A binary sort is a very fast algorithm which involves bit testing. It has a single pass for each bit in the sortable item. For each pass, if the bit is set then the sortable item is stacked at one end of the buffer. If the bit is not set then the item is stacked at the other end of the buffer. Starting the sort at the least significant bit and dealing with the next bits in ascending order will result in the sorted list. I wrote one of these on an early 8086 in 1983 forthe Scottish Education Department. Steve Pitts

There's this and there's binary insertion sort. The two are pretty similar. They're both quadratic (O(n^2)) time algorithms.

Both algorithms do O(n log n) number of comparisons, but in practice you would also have to move elements around, which would make the entire algorithm quadratic.

The JDK uses a "binary sort" for arrays < size 32 within its Arrays.sort() method. This is actually an insertion sort but using binary search to find the next item instead of linear search.

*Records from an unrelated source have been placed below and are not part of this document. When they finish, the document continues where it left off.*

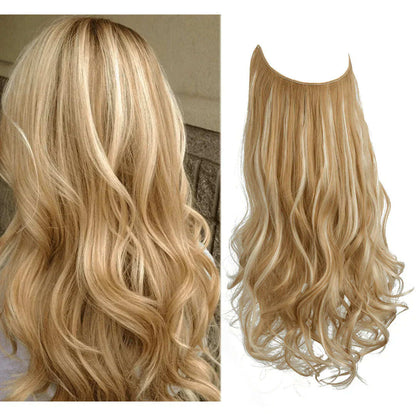 🔥Last Day:82% Off🔥Secret Halo Extensions Set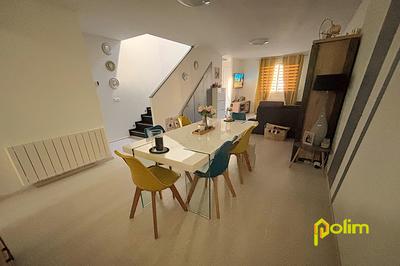 Maison - 131 m² - 4 pièces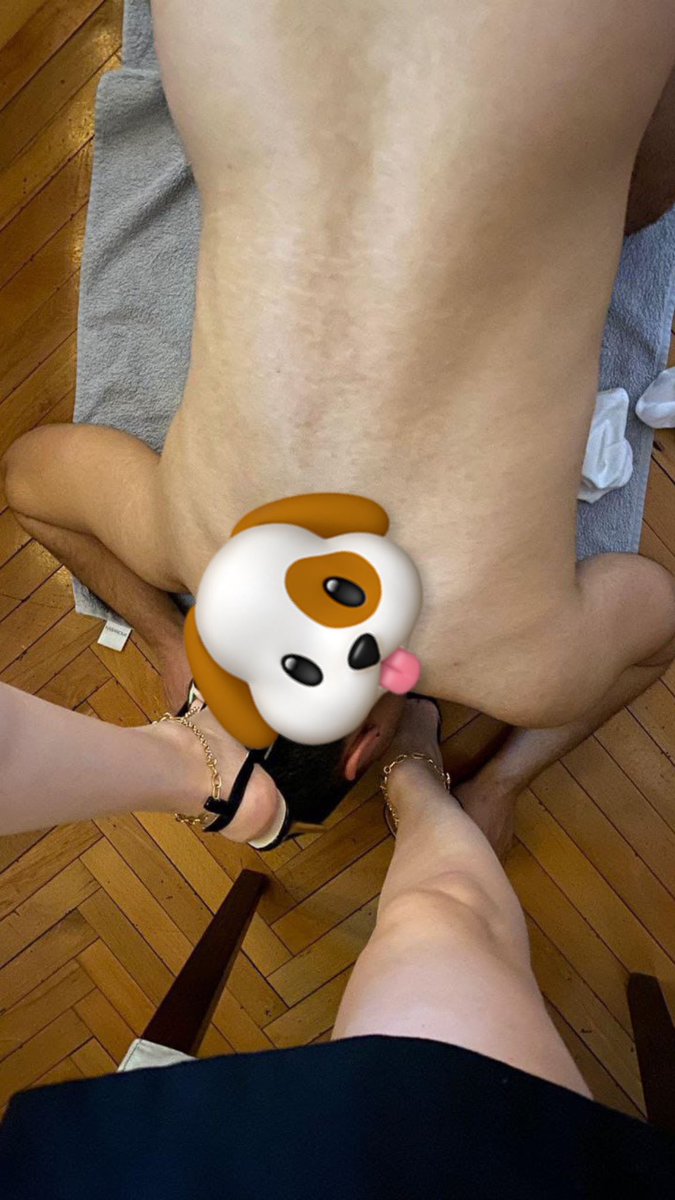 t.me/+XvAfNP0ghSIyZ…

ti aspetto nel mio canale telegram🦶🏻🦶🏻
<a href="/rt_find/">RT PROMO #Findom</a> <a href="/dev_oted/">❤️‍🔥FinDom FemDom is life | RT | QT | Promo | 💫</a> <a href="/justaslave15/">TPE 😍 RT slave and exposing timewasters</a> <a href="/findomitalia/">Findom Italia</a> <a href="/Femdomitalia/">Femdom Findom Italia</a> <a href="/PAYPIGCEO/">Findom Paypig</a>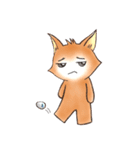 friendlyfox（個別スタンプ：14）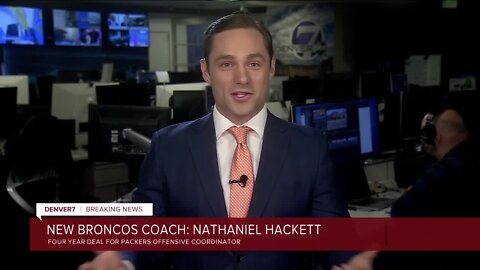 'Creative & collaborative': Perspectives on new Broncos coach Nathaniel Hackett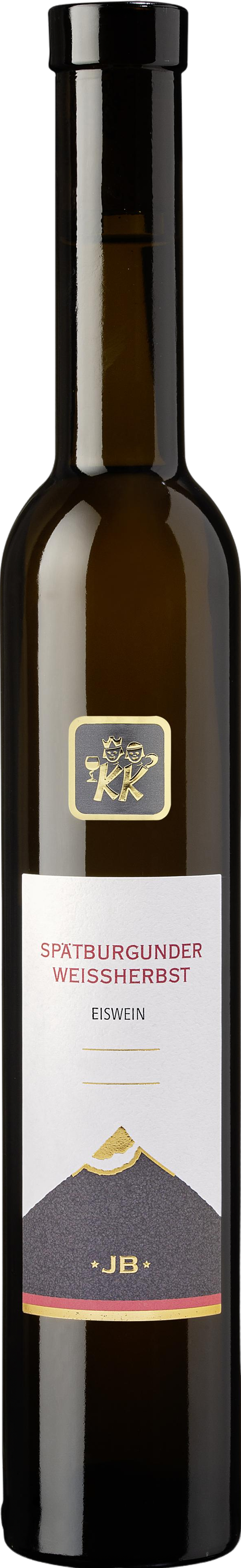 Spätburgunder Eiswein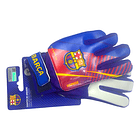 Guantes Arquero Barcelona Niños Licenciado Original 2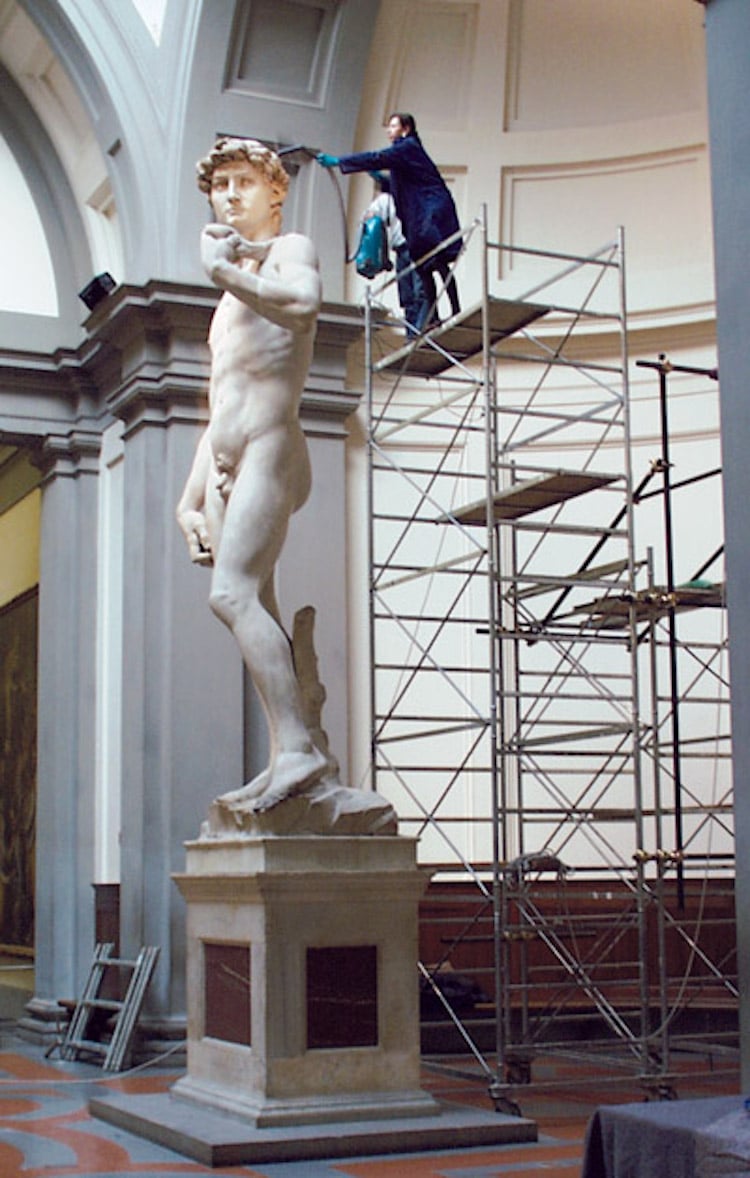Idesign | Vì Sao Phiên Bản “David” Của Michelangelo Được Xem Là Kiệt Tác  Điêu Khắc Và Chuẩn Mực Của Vẻ Đẹp Nam Giới?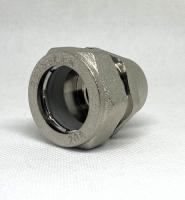 Продажа муфта (никель) d20х3/4" внутренняя резьба easyfix iws в Нижнем Тагиле  в интернет-магазине Vseizdereva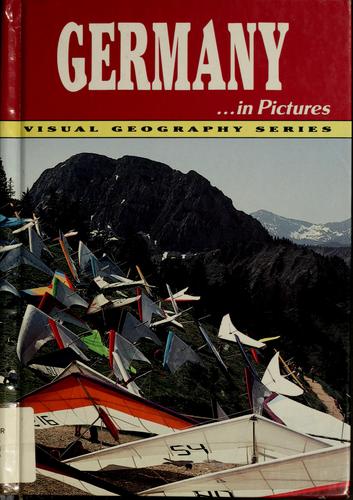 Cover for Germany--in pictures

Here is the code from JDK7

private static void binarySort(Object[] a, int lo, int hi, int start) {
    assert lo <= start && start <= hi;
    if (start == lo)
        start++;
    for ( ; start < hi; start++) {
        @SuppressWarnings("unchecked")
        Comparable<Object> pivot = (Comparable) a[start];

        // Set left (and right) to the index where a[start] (pivot) belongs
        int left = lo;
        int right = start;
        assert left <= right;
        /*
         * Invariants:
         *   pivot >= all in [lo, left).
         *   pivot <  all in [right, start).
         */
        while (left < right) {
            int mid = (left + right) >>> 1;
            if (pivot.compareTo(a[mid]) < 0)
                right = mid;
            else
                left = mid + 1;
        }
        assert left == right;

        /*
         * The invariants still hold: pivot >= all in [lo, left) and
         * pivot < all in [left, start), so pivot belongs at left.  Note
         * that if there are elements equal to pivot, left points to the
         * first slot after them -- that's why this sort is stable.
         * Slide elements over to make room for pivot.
         */
        int n = start - left;  // The number of elements to move
        // Switch is just an optimization for arraycopy in default case
        switch (n) {
            case 2:  a[left + 2] = a[left + 1];
            case 1:  a[left + 1] = a[left];
                     break;
            default: System.arraycopy(a, left, a, left + 1, n);
        }
        a[left] = pivot;
    }
}